The GTO diff is quite sensitive. Some have different results than others. I've tested a few already. GM stuff, Mobil 1, Royal Purple to Torco. I've had the best luck with Torco. Take it from me my car is/was the most universal car here.


----------



## 06M6BLK (Apr 4, 2012)

Your best bet is to pass on the "pre-mixed" fluids. Go with a decent 75w-140 like mobil, royal purple, etc and use a friction additive. GM calls for 1oz of modifier. As stated above, too much and you'll get a one tire fire, however too little or none at all and you could cause serious issues.


----------



## Giacobazzi (Aug 22, 2012)

Thank you for the info gentlemen!


----------



## svede1212 (Nov 1, 2005)

06M6BLK said:


> Your best bet is to pass on the "pre-mixed" fluids. Go with a decent 75w-140 like mobil, royal purple, etc and use a friction additive. GM calls for 1oz of modifier. As stated above, too much and you'll get a one tire fire, however too little or none at all and you could cause serious issues.


Too little isn't that serious of an issue. You'll get the chattering/popping noise to remind you to add a little more but it's not breaking anything. I'd rather edge up to the right amount than over do it because it's hard to know if you did sometimes.


----------



## michiganfootball911 (Sep 17, 2012)

I plan on changing the diff fluid this week.

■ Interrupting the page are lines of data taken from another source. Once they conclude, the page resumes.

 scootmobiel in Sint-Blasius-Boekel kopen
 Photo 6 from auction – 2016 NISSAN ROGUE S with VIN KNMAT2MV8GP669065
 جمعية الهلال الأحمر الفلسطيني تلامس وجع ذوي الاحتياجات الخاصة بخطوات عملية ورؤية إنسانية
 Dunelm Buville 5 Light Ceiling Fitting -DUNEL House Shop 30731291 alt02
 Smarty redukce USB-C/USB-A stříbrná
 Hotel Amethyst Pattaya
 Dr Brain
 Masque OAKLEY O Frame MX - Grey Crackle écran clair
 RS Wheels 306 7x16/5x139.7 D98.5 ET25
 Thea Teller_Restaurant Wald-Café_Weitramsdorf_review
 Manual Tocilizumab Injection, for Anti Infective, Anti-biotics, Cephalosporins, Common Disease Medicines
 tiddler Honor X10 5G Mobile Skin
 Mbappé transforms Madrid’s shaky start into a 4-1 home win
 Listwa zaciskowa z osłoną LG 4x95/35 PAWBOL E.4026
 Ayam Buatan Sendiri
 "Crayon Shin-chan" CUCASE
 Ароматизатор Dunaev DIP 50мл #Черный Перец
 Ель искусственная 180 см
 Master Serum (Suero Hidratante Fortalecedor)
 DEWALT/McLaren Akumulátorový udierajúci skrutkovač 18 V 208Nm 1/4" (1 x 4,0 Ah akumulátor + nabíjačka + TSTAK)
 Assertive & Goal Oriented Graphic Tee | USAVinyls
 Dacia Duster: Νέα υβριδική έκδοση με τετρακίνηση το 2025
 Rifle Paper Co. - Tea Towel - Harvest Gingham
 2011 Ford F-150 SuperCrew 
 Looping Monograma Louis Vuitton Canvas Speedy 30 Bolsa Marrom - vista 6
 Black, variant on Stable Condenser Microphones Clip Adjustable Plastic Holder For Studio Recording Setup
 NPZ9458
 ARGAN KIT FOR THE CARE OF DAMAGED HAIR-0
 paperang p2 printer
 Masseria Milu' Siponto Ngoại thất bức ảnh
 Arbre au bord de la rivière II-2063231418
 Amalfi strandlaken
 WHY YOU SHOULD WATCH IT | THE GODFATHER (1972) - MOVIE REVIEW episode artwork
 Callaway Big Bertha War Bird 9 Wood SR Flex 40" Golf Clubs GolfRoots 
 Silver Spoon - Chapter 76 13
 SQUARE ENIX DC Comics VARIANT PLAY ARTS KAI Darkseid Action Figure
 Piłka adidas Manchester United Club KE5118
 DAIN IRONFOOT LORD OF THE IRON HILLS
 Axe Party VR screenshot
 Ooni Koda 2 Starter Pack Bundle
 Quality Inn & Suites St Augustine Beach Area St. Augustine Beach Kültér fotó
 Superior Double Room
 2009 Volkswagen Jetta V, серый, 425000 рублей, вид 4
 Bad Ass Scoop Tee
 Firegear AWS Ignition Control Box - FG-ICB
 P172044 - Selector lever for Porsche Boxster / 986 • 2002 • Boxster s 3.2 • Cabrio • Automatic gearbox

I cant decide to use the gm stuff (89021809) or go with Torco.. Also do i need the Torco type G or type F? I hear i need F but the website says type G for gm. Thanks


----------



## svede1212 (Nov 1, 2005)

*F*. G is for American GM cars


----------



## michiganfootball911 (Sep 17, 2012)

yes you are correct. I should read before i post.

"Recommended for use in Ford, Mazda, Chrysler, Toyota and all other limited-slip and posi-traction applications including late model Pontiac GTO. Not for use in all other GM applications. Treatment level is 2% to 6% by volume"


----------